NeuroLex: A Lightweight Domain Language Model for EEG Report Understanding and Generation
Kang Yin, Hye-Bin Shin
TL;DR
The paper tackles the mismatch between general language models and EEG-specific reporting language by introducing NeuroLex, a lightweight EEG-domain language model trained with domain-adaptive pretraining and supervised fine-tuning on EEG reports. It demonstrates improved terminology coverage, lower perplexity, and stronger performance on information extraction and summarization, with data-efficient learning and robustness to negation and factual errors. The approach uses a two-stage pipeline (DAPT and SFT) on the HEEDB corpus and four task objectives, enabling both standalone language understanding and multimodal EEG–text decoding. The work advances interpretable, language-grounded EEG–BCI systems by providing an EEG-aware linguistic backbone tailored to clinical narratives.
Abstract
Clinical electroencephalogram (EEG) reports encode domain-specific linguistic conventions that general-purpose language models (LMs) fail to capture. We introduce NeuroLex, a lightweight domain-adaptive language model trained purely on EEG report text from the Harvard Electroencephalography Database.

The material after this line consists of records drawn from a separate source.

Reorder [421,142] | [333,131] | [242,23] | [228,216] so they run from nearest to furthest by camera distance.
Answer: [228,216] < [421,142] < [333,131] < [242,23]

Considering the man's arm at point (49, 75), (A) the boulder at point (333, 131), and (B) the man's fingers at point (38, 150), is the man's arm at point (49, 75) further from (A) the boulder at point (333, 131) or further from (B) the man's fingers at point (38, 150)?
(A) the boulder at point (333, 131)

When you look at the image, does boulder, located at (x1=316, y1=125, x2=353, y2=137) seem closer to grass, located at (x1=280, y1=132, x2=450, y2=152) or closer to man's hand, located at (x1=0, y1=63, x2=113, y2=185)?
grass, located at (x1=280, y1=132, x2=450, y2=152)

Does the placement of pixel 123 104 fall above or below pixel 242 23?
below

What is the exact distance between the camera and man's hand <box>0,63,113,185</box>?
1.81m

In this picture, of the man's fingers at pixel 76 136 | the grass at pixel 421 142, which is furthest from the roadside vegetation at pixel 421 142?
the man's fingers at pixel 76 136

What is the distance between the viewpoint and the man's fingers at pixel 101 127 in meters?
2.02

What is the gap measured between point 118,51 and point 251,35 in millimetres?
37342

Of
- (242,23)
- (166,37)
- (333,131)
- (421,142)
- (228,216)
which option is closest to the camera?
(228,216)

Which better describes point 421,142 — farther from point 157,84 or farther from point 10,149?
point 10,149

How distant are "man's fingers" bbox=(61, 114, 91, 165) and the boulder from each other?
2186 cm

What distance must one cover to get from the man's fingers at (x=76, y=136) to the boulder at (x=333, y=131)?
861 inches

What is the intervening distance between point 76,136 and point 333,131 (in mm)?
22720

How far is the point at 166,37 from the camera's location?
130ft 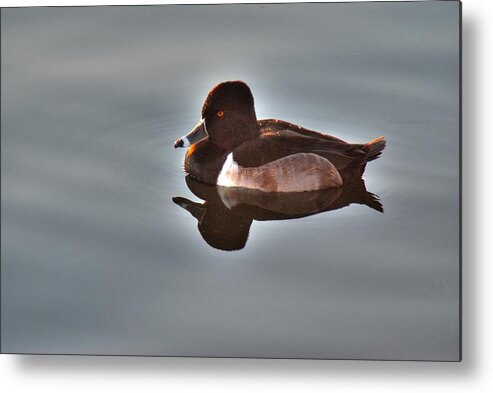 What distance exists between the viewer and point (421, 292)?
116 inches

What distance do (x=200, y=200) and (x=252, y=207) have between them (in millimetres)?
162

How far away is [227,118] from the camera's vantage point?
3088 mm

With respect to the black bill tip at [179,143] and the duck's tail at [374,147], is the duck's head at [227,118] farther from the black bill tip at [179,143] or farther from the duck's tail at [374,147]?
the duck's tail at [374,147]

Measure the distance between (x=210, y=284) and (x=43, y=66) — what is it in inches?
33.4

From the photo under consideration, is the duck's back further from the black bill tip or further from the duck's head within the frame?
the black bill tip

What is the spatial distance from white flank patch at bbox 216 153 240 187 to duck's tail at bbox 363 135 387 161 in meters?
0.40

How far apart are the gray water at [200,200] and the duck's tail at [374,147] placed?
0.02 meters

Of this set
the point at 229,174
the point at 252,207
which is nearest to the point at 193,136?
the point at 229,174

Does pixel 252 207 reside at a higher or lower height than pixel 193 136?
lower

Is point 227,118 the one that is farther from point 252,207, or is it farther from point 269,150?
point 252,207

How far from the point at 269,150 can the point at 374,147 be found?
316 millimetres

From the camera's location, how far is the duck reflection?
3.03m

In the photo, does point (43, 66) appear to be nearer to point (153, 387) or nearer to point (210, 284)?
point (210, 284)

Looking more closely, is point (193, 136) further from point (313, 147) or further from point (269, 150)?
point (313, 147) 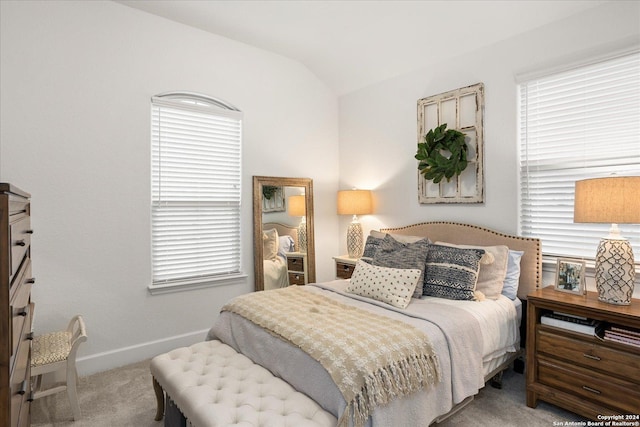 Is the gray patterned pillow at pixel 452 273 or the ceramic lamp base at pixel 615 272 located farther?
the gray patterned pillow at pixel 452 273

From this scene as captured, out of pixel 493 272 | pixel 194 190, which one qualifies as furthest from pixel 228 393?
pixel 194 190

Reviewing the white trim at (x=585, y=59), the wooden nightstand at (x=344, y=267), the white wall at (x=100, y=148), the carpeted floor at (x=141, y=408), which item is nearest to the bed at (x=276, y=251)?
the white wall at (x=100, y=148)

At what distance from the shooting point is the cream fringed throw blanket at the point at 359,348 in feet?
5.25

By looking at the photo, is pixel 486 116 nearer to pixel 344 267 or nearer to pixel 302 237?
pixel 344 267

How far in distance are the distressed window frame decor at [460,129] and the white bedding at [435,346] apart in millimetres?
1073

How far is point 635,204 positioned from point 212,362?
2544 mm

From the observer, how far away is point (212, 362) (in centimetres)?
205

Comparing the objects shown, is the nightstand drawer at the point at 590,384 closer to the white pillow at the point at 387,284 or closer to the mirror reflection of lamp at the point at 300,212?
the white pillow at the point at 387,284

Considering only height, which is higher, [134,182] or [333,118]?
[333,118]

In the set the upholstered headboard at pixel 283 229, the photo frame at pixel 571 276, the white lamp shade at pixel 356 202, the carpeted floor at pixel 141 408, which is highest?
the white lamp shade at pixel 356 202

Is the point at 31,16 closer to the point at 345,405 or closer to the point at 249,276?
the point at 249,276

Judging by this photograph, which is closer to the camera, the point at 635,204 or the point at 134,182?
the point at 635,204

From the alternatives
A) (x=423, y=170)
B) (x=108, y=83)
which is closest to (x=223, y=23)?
(x=108, y=83)

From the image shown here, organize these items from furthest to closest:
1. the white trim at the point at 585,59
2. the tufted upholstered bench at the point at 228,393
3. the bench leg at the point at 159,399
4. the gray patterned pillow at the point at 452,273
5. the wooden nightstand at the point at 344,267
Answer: the wooden nightstand at the point at 344,267, the gray patterned pillow at the point at 452,273, the white trim at the point at 585,59, the bench leg at the point at 159,399, the tufted upholstered bench at the point at 228,393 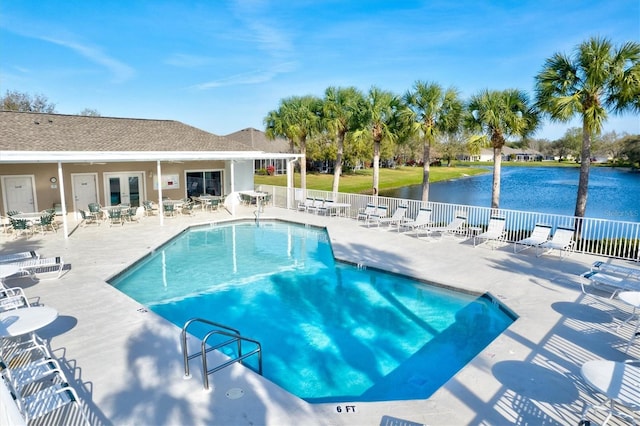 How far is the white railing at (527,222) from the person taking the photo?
425 inches

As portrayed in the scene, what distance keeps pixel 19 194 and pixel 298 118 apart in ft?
45.5

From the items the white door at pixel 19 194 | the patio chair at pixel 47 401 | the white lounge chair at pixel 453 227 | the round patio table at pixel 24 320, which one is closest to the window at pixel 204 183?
the white door at pixel 19 194

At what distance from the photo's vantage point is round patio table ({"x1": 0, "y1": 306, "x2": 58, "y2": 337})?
486cm

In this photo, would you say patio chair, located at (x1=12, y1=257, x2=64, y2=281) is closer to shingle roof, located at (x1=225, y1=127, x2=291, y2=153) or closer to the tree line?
the tree line

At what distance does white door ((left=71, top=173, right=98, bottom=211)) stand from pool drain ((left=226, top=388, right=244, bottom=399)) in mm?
15715

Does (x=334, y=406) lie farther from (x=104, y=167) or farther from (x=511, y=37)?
(x=511, y=37)

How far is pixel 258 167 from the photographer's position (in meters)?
46.5

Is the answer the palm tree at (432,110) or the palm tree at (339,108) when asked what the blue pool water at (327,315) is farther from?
the palm tree at (339,108)

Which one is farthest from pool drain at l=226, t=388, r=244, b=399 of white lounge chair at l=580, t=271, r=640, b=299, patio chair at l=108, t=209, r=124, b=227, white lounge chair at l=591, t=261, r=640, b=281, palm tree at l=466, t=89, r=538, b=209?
patio chair at l=108, t=209, r=124, b=227

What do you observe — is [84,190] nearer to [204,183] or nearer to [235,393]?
[204,183]

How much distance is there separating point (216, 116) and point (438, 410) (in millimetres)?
35695

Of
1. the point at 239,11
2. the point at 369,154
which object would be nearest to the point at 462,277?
the point at 239,11

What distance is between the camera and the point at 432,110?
55.5 ft

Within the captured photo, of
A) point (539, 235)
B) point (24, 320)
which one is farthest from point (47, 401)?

Unlike existing biomedical LMs, NeuroLex is tailored to the linguistic and diagnostic characteristics of EEG reporting, enabling it to serve as both an independent textual model and a decoder backbone for multimodal EEG-language systems. Using span-corruption pretraining and instruction-style fine-tuning on report polishing, paragraph summarization, and terminology question answering, NeuroLex learns the syntax and reasoning patterns characteristic of EEG interpretation. Comprehensive evaluations show that it achieves lower perplexity, higher extraction and summarization accuracy, better label efficiency, and improved robustness to negation and factual hallucination compared with general models of the same scale. With an EEG-aware linguistic backbone, NeuroLex bridges biomedical text modeling and brain-computer interface applications, offering a foundation for interpretable and language-driven neural decoding.